The Department of Literature provides the literature cluster of the Liberal Arts program with the aim of enabling students enjoy the richness and diversity of written works throughout history.
Some of the engaging subjects under this program are:
- Classical Literature (LIT101) is primarily focused on two major works from ancient Greece and Rome, the Iliad and the Aeneid. Supplementary works may also be taken up to serve as an introduction to the course or as a breather between epics. Such works are the poetry of Sappho, Horace, Hesoid, Tyrtaeus, Simonides, the play Agamemnon by Aeschylus, Oedipus Rex by Sophocles, and Medea by Euripedes.
- Renaissance Literature (LIT102) takes up the works of the 16th century poets and playwrights Edmund Spencer, Sir Philip Sidney and William Shakespeare. The sonnet form is particularly emphasized, as it was the prevailing literary form in the 16th century.
- Medieval Literature (LIT103) focuses only on the Divina Commedia by Dante Alighieri. All three canticles are taken up in one semester. Thus, no other work is included under this course, considering the bulk of this single work. Medieval Literature provides a discussion forum wherein students develop and exchange ideas on man’s quest for God.
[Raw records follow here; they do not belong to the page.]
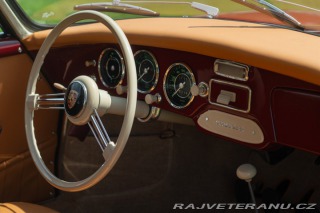 Porsche 356 A (T1) 1600 SUPER 1957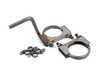 ES#3175519 - 252561M - Cat-Back Exhaust System  - 2.5" T-304 Stainless Steel exhaust system with dual tip Magnaflow muffler - Techtonics Tuning - Audi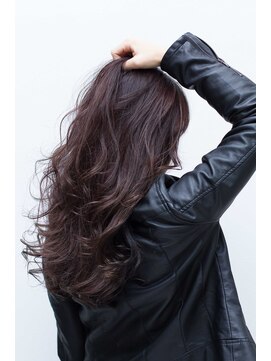 アンソメット 上津店(UN SOMMET) 〔UN SOMMET〕渕上仁志 外国人風ラベンダーアッシュ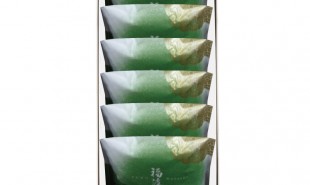 MATCHA SENBEI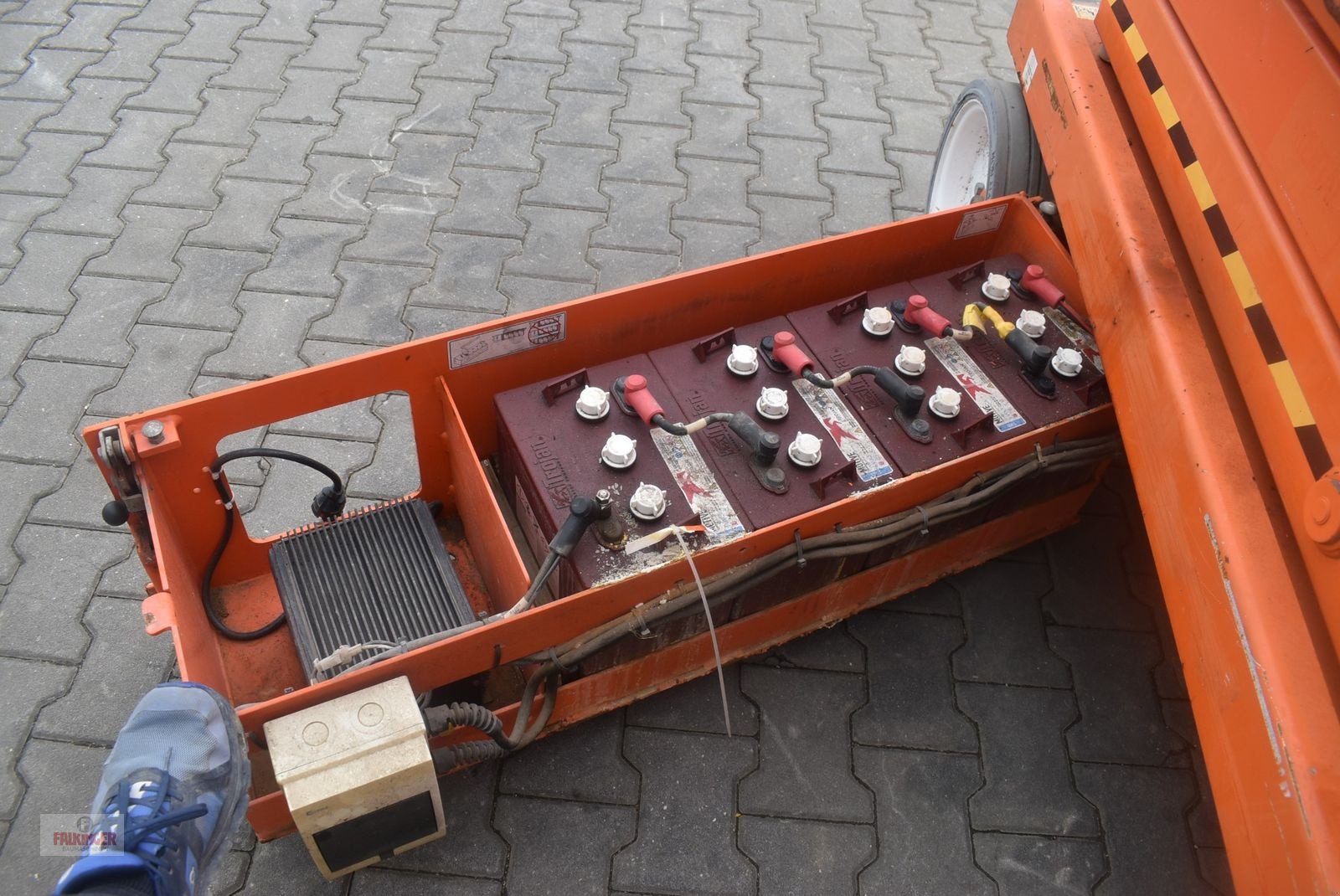 Sonstige Bühnen of the type Skyjack SJ-III 3220, Gebrauchtmaschine in Putzleinsdorf (Picture 5)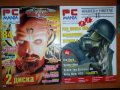 стари броеве на списание PC Mania 2001, 2002 г, снимка 2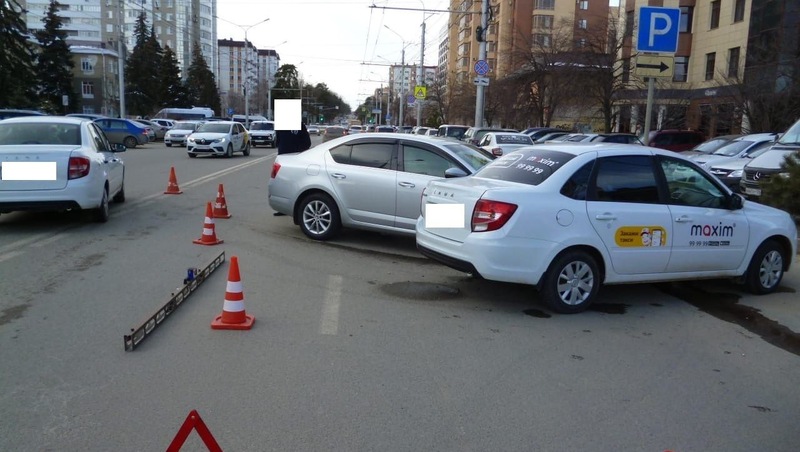 Несколько переломов и травму головы получила пассажирка в ДТП на Ставрополье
- Modern Literature (LIT104) takes up both Western and Eastern modern-contemporary writers and various literary genres besides the epic, sonnet and the essay are discussed. The short story, other forms of drama and the novel are introduced to the students. The Russian writers of the 19th century Leo Tolstoy, Fyodor Dostoyevsky, Anton Chekov, while not exactly modern-contemporary, are taken up, as they are the equivalents of Homer and Virgil of the classical past.